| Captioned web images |
--------------------

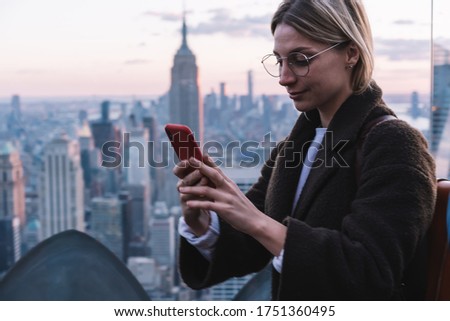 Caucasian female tourist using cellular device for social messaging with followers connecting to roaming internet during solo travel journey for visiting New York, youthful hipster girl browsing web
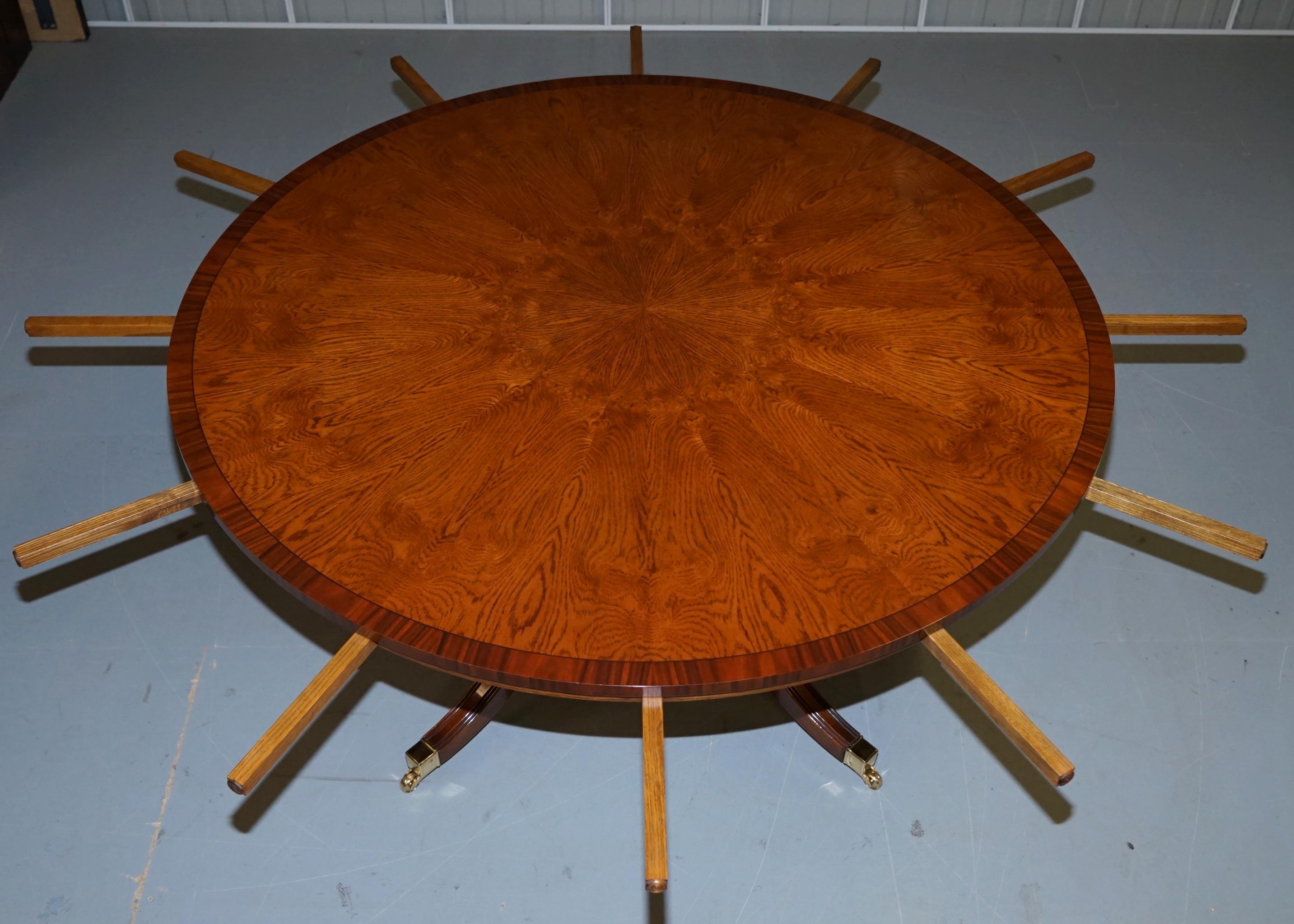 https://a.1stdibscdn.com/brand-new-cluster-oak-extending-jupe-round-dining-tables-seats-6-12-people-for-sale-picture-9/f_28233/f_189865521588878933712/DSC06051_master.JPG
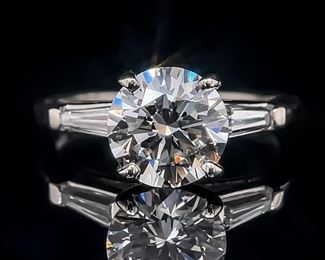 Iconic Harry Winston Style Solitaire 2.35 Carat Diamond Three-Stone Baguette Ring in 14k White Gold, VS Clarity - Triple X; $15,850 Retail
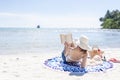 Woman is reading a book on beach Royalty Free Stock Photo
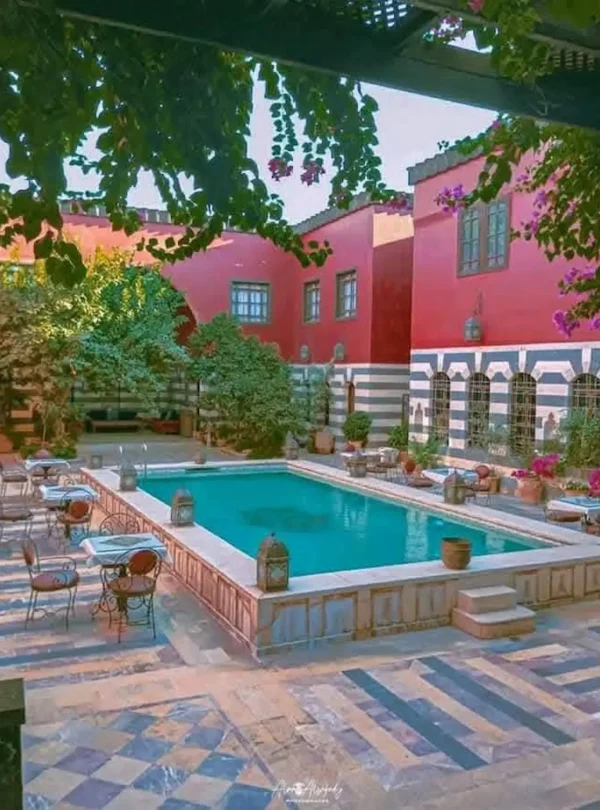 A high-angle view of a luxurious courtyard featuring a large turquoise swimming pool surrounded by a patterned stone patio with café tables, vibrant pink bougainvillea, and a grand red and white striped historic building.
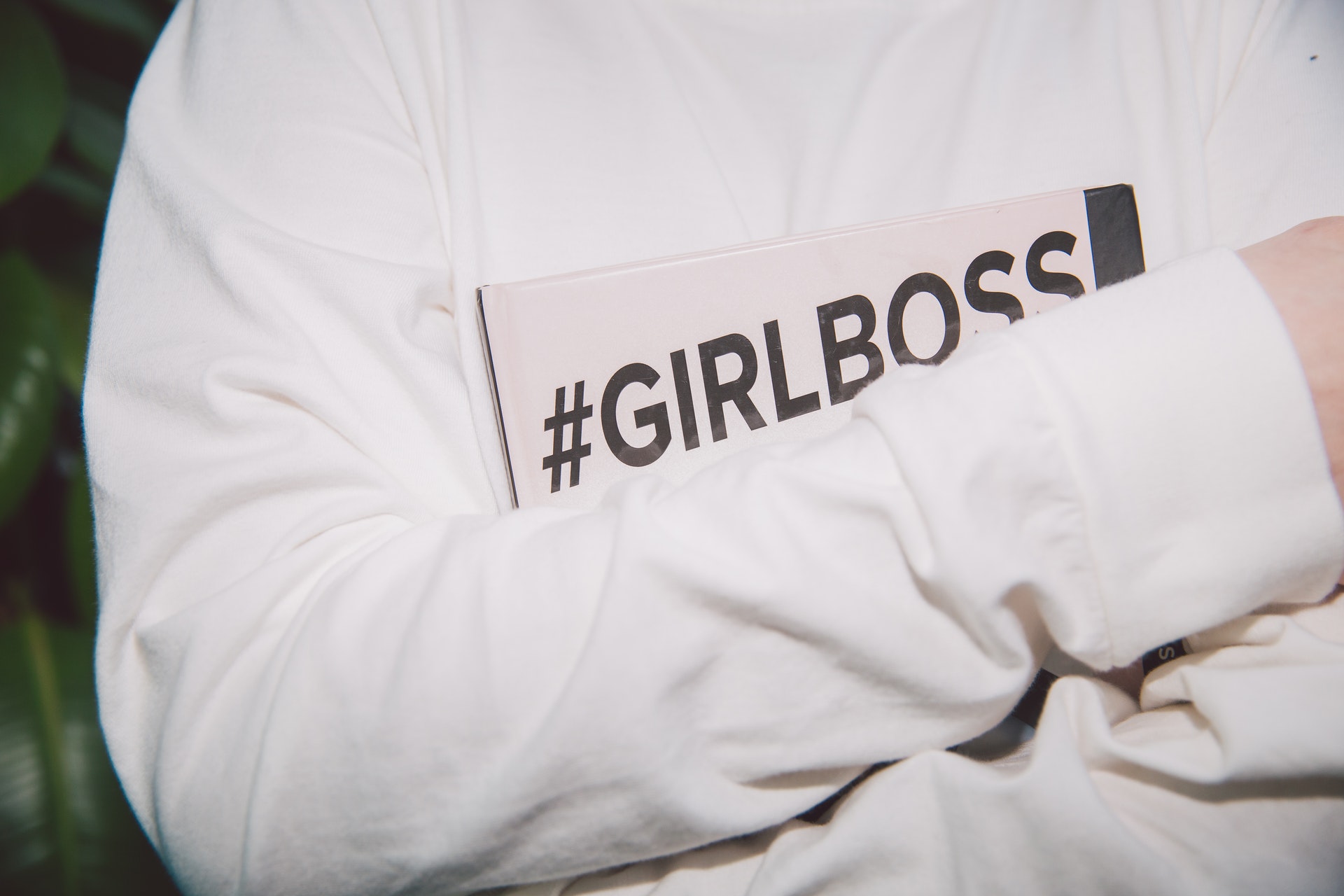 Person holding notebook with girlboss hashtag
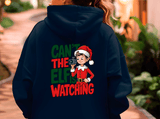 Navy blue hoodie with Christmas-themed design on the back, featuring an elf and text.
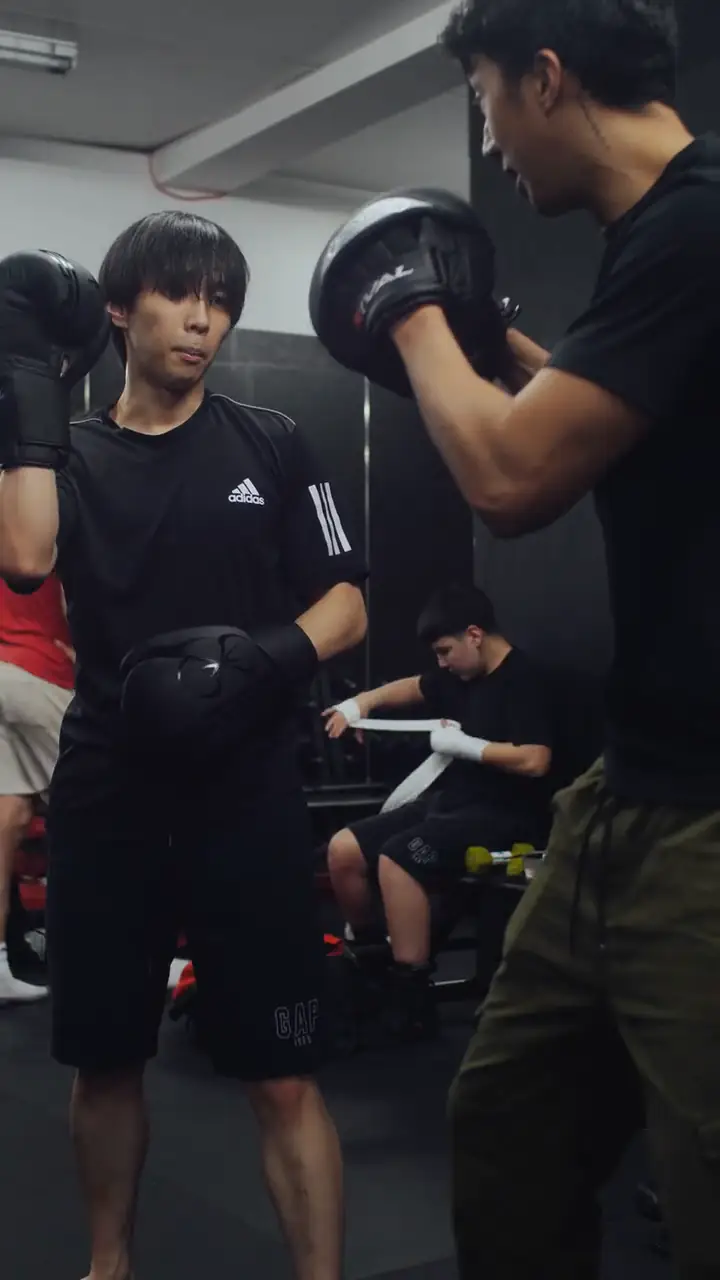 A student in gloves throwing a jab to focus mitts during a Modern Warrior boxing class.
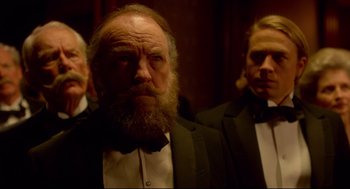 Movie still from “Crimson Peak” (2015), directed by Guillermo del Toro – A man with a long beard wearing a suit and bow tie; Close Up shot, Low angle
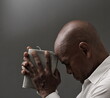 © herlanzer - man praying to god with hands together Caribbean man praying with black grey background with people stock image stock photo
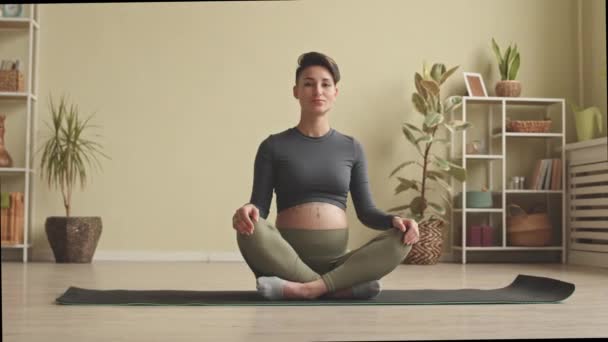 Slowmo Portrait Young Pregnant Woman Tight Activewear Sitting Lotus Pose — стоковое видео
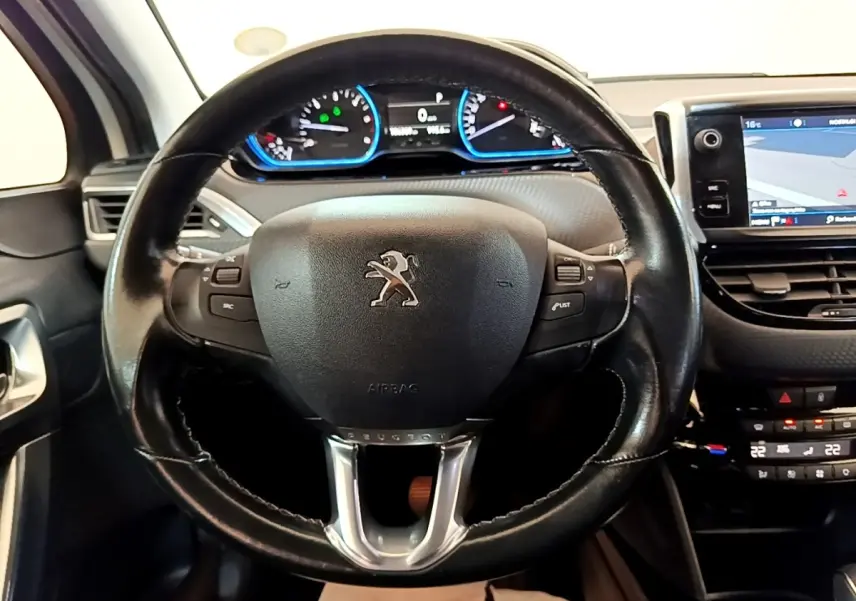 Vue rapprochée du volant cuir Peugeot 2008 2019 avec tableau de bord digital et écran tactile de navigation visible.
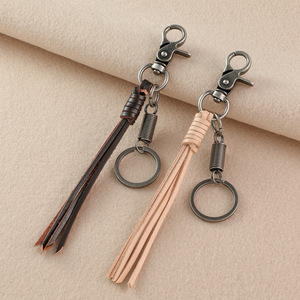 Llavero de cuero genuino estilo euroamericano AM, tejido a mano con borlas de piel de vaca, accesorio de cadena para colgar en la cintura para hombre - Product Image 2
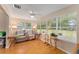 Living area featuring a comfy sofa and large windows at 1612 Staunton St, The Villages, FL 32162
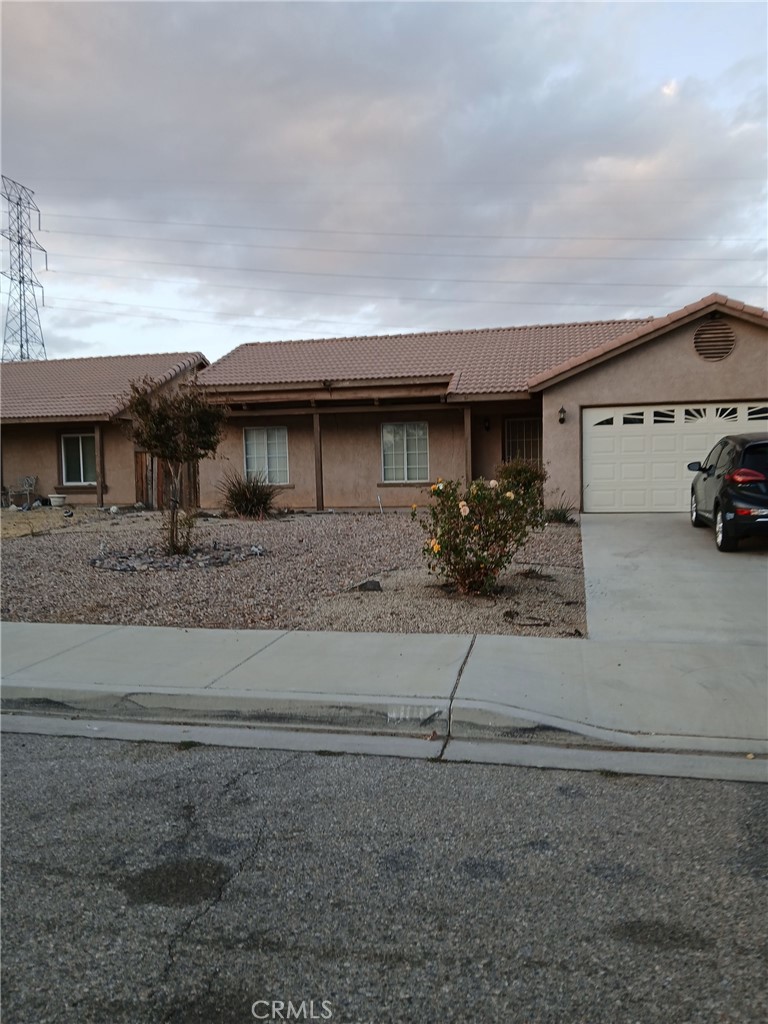 a view of house and car parked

--------------------

| Your instructions |
Please print the lines above word for word, starting at the one with "Slowmo Portrait Young" and ending at the one with "Vue rapprochée du", both included, and without any picture.

| Result |
 Slowmo Portrait Young Pregnant Woman Tight Activewear Sitting Lotus Pose — стоковое видео
 Vue rapprochée du volant cuir Peugeot 2008 2019 avec tableau de bord digital et écran tactile de navigation visible.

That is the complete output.